> [Activity] What is needed is an exact copy of the lines in the entries below from the one holding "Jewelry chrome hearts 298" through the one holding "og cake 2g disposable", pictures excluded.

> [Given records]
* * * * * * * * *

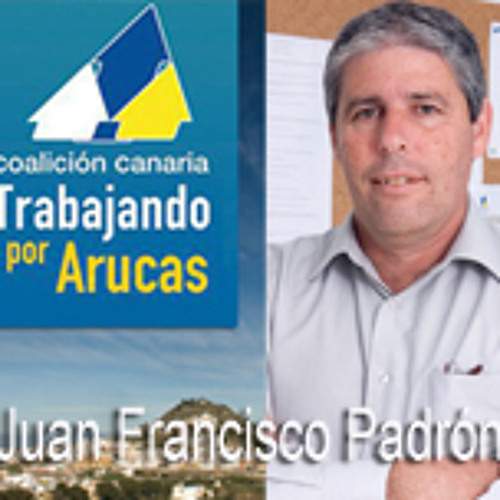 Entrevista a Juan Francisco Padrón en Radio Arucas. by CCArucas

* * * * * * * * *

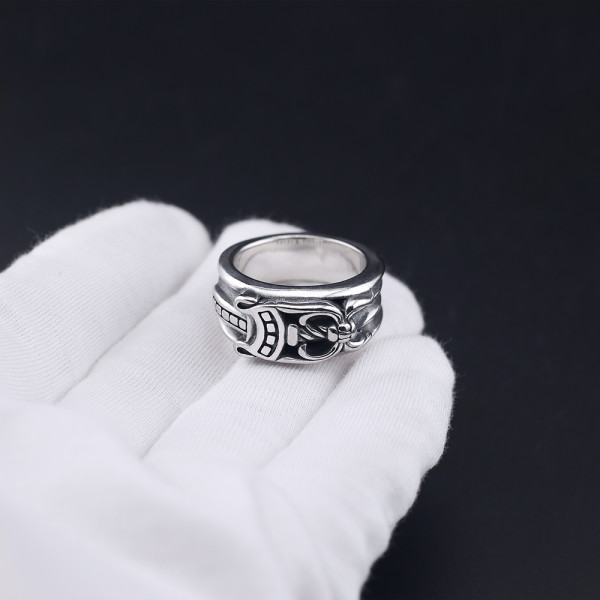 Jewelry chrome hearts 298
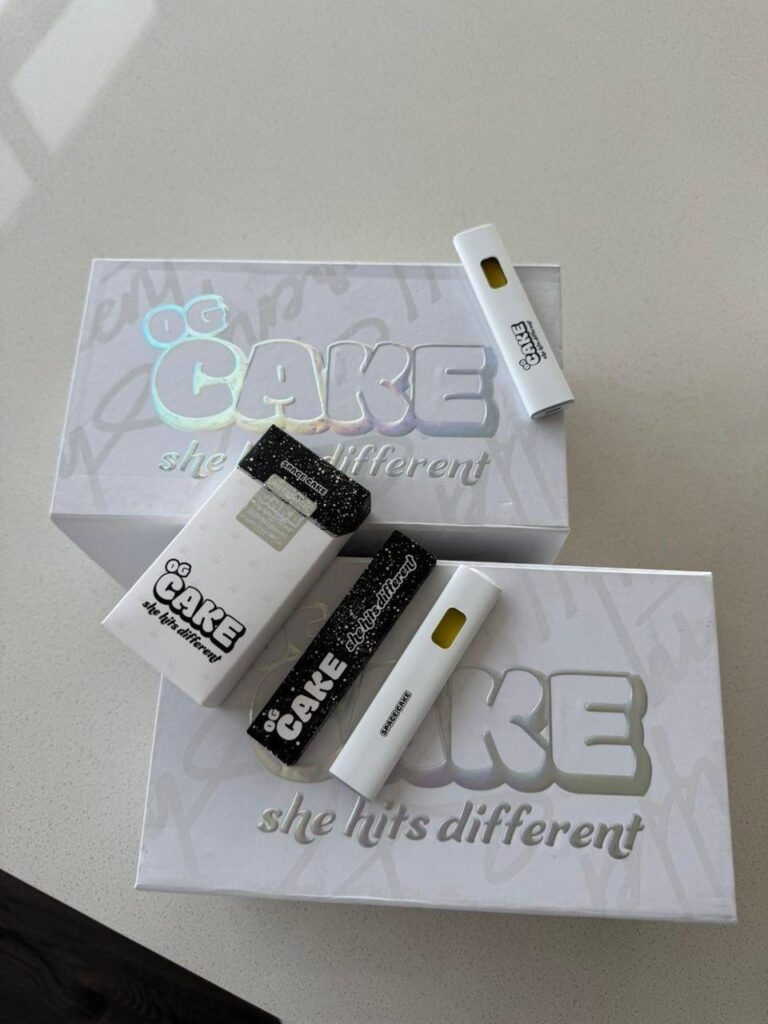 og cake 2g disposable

* * * * * * * * *

> [Response to this exercise]
 Jewelry chrome hearts 298
 og cake 2g disposable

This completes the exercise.